## [PROBLEM TO SOLVE]
Copying task for the records below: reproduce each one exactly and drop the pictures.

## [SOURCE DATA]
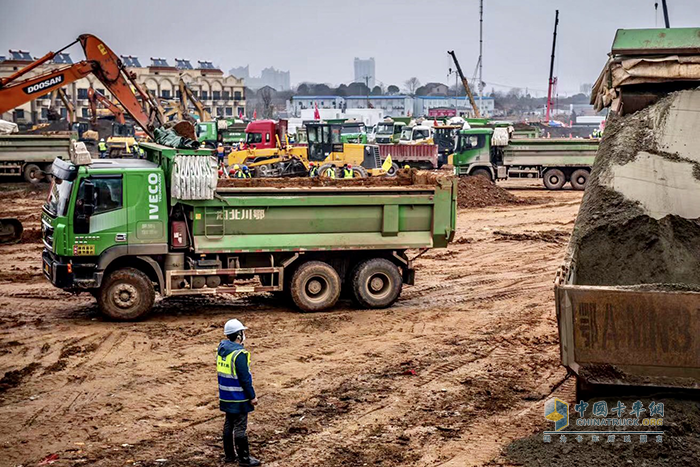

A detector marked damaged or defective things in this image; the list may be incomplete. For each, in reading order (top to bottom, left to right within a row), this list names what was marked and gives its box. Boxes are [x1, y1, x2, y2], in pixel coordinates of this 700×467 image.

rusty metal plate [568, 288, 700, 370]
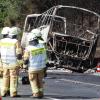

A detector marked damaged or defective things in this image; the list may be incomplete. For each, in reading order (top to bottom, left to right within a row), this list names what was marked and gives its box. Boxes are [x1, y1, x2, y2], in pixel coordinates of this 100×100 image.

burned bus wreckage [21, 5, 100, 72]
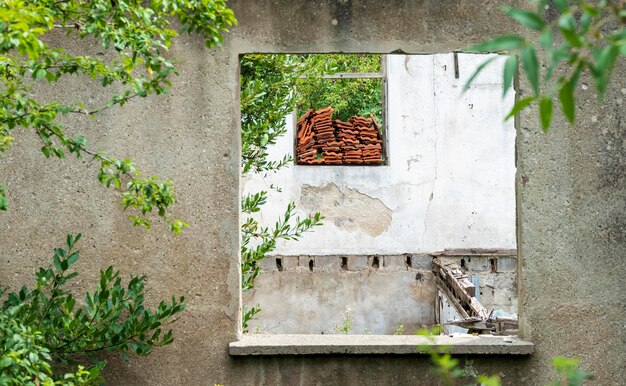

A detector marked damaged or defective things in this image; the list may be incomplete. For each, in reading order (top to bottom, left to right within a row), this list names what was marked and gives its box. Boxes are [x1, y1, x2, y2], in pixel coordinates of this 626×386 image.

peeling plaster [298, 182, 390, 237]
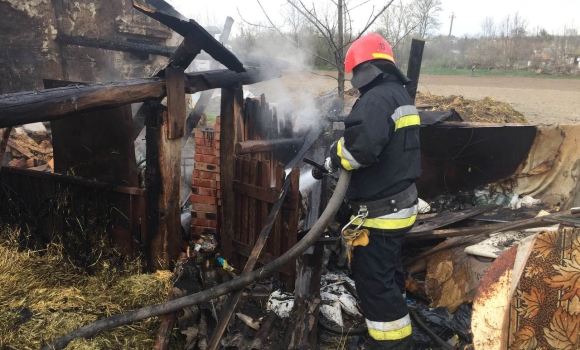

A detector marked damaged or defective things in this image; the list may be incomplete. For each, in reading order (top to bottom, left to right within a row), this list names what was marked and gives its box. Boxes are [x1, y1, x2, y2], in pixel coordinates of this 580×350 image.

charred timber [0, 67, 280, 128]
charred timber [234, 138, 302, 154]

## [OUTPUT]
A detector marked damaged or defective things in this image; the list may be incomplete. For each, in reading order (top to bottom, left to right within a row), this list names what was marked and gives its box. Boxes are [x1, y1, x2, y2], in pixel coordinates of this 700×467 image.

rusty metal plate [568, 288, 700, 370]

A detector marked damaged or defective things in this image; the list may be incomplete. For each, in reading order (top to bottom, left to right within a row), this list names what was marked and gives its box. Boxes are [x1, y1, x2, y2], in pixel coordinates of this 100×100 image.

burned bus wreckage [21, 5, 100, 72]

A detector marked damaged or defective things in this image; the list may be incomplete. For each, in reading order (top to bottom, left to right within a row), this list names what was marked and gives its box. Boxes are [x1, y1, x2, y2], in pixel coordinates of this 626×386 image.

peeling plaster [298, 182, 390, 237]

A detector marked damaged or defective things in this image; the list may be incomplete. For each, in reading order (top to bottom, left to right within a row), this list names what was marked and gives its box. Boxes are [x1, y1, x2, y2], in pixel coordinates of this 580×350 image.

charred timber [0, 67, 280, 128]
charred timber [234, 138, 302, 154]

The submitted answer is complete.